The data that follows must be transcribed in full and exactly, minus the pictures.

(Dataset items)
▼▼▼

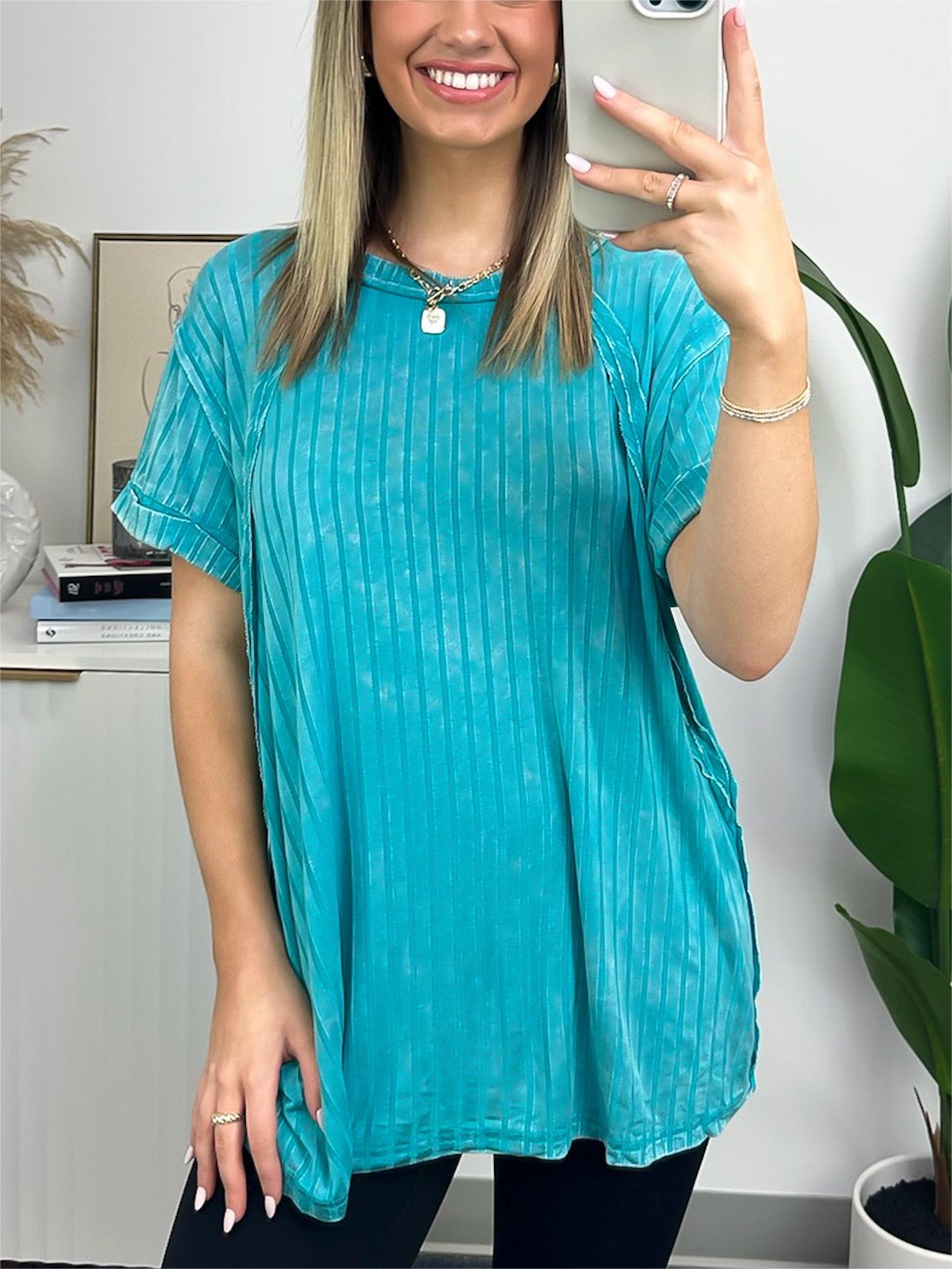 T-shirt côtelé décontracté délavé pour femme (achetez-en 2, livraison gratuite)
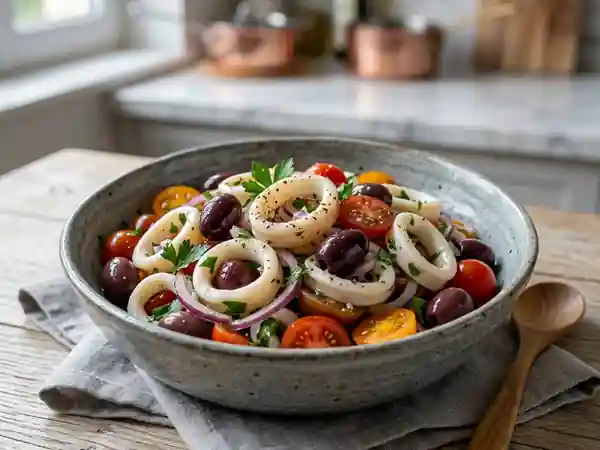 Salade fraîche d'encornets aux olives méditerranéennes - Photo de présentation
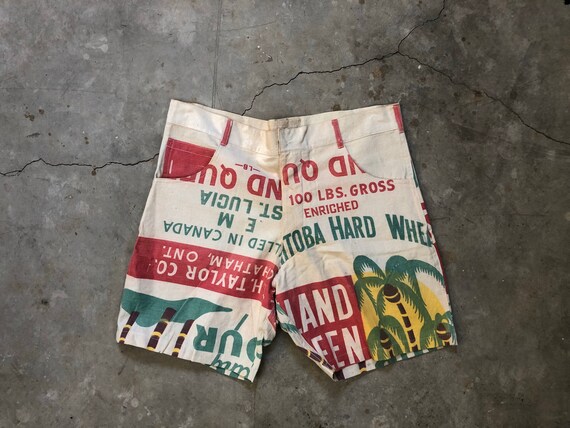 Antique Vintage 1950s Feedsack Tourist Shorts 36 /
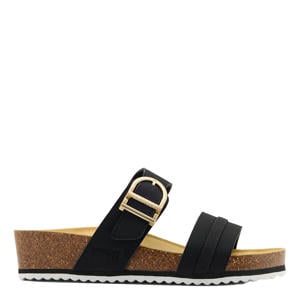imitatieleren slippers met sleehak - zwart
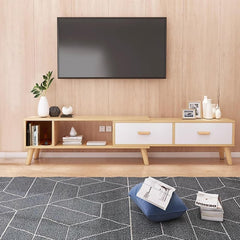 TV Stand, TV Stands for Living Room, Television Stand, Retractable TV Cabinet for 78 inches with 2 Drawers and Open Shelf, TV and Media Console for Living Room, Light Brown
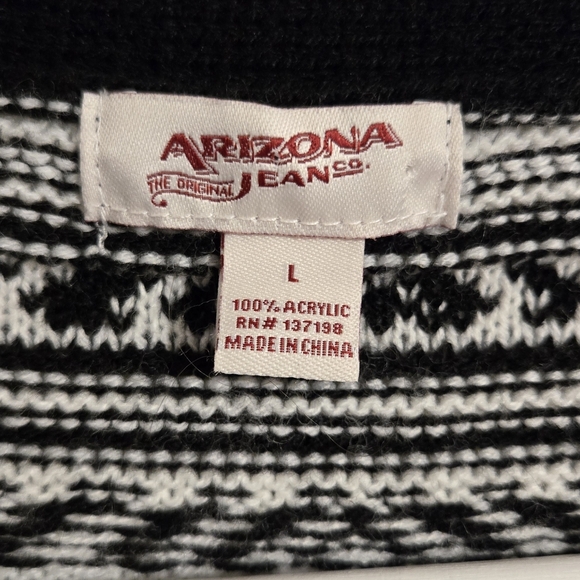 Arizona Jeans Black And White Western Poncho With Fringe Size Large - Picture 3 of 5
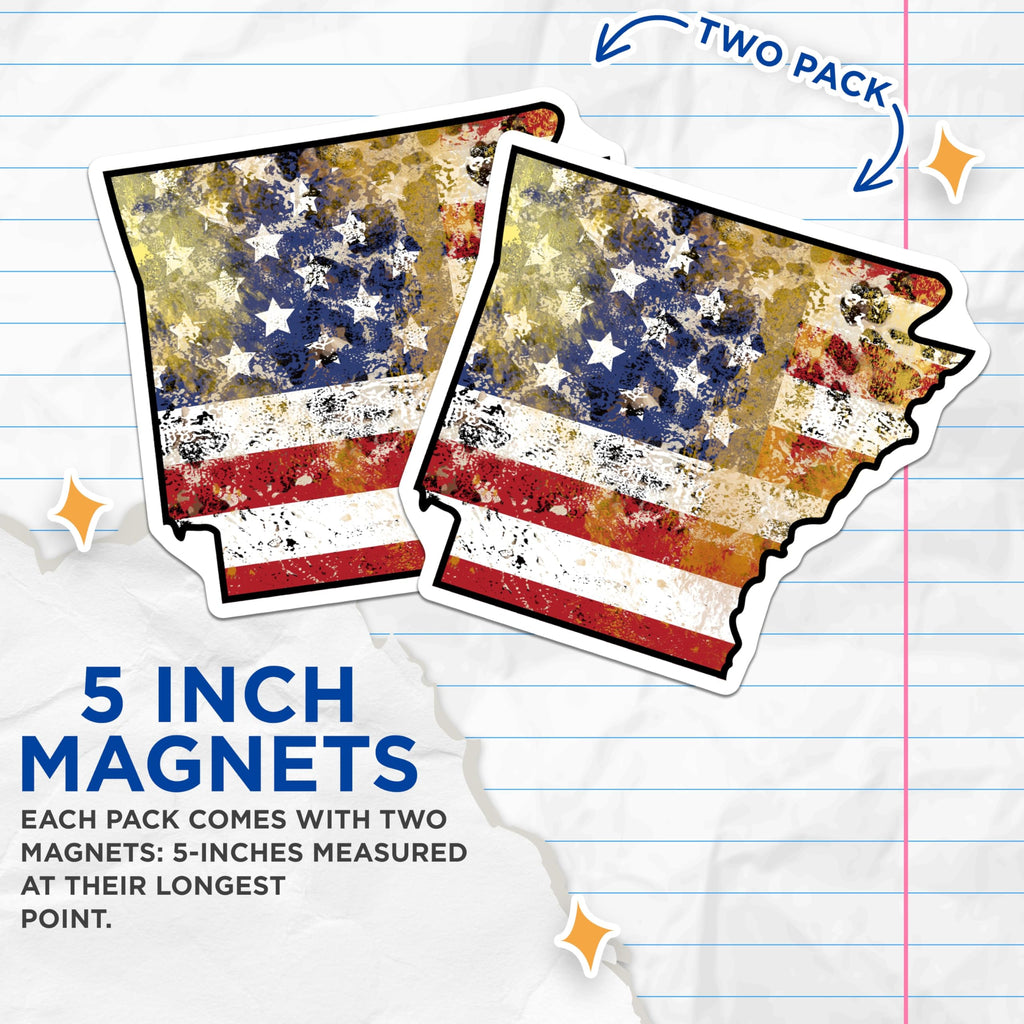(2 Pack) Arkansas Flag Magnets - American Patriotic Decor - State Pride Souvenirs - 5" On Longest Side - Premium Magnet - for Cars, Refrigerators, Toolboxes, Lockers - Made in USA - MAG18561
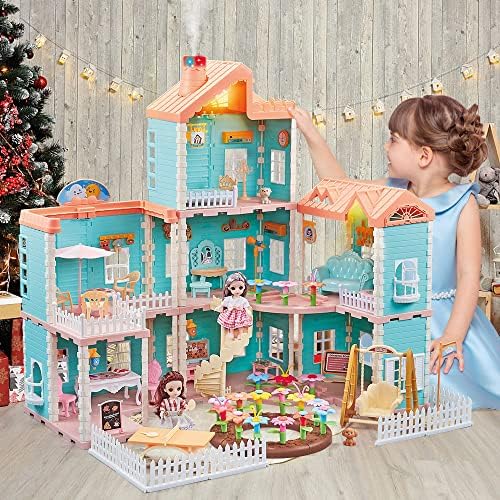 SINOMARS Doll House 7-8, Dollhouse Dreamhouse for Girls with Light, Chimney & Doll Figures, Castle Building Playset with Acceccories & Furniture, Pretend Play Princess House for Kids 4 5 6 9 Years Old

▲▲▲

Exercise response:
 T-shirt côtelé décontracté délavé pour femme (achetez-en 2, livraison gratuite)
 Salade fraîche d'encornets aux olives méditerranéennes - Photo de présentation
 Antique Vintage 1950s Feedsack Tourist Shorts 36 /
imitatieleren slippers met sleehak - zwart
 TV Stand, TV Stands for Living Room, Television Stand, Retractable TV Cabinet for 78 inches with 2 Drawers and Open Shelf, TV and Media Console for Living Room, Light Brown
 Arizona Jeans Black And White Western Poncho With Fringe Size Large - Picture 3 of 5
(2 Pack) Arkansas Flag Magnets - American Patriotic Decor - State Pride Souvenirs - 5" On Longest Side - Premium Magnet - for Cars, Refrigerators, Toolboxes, Lockers - Made in USA - MAG18561
 SINOMARS Doll House 7-8, Dollhouse Dreamhouse for Girls with Light, Chimney & Doll Figures, Castle Building Playset with Acceccories & Furniture, Pretend Play Princess House for Kids 4 5 6 9 Years Old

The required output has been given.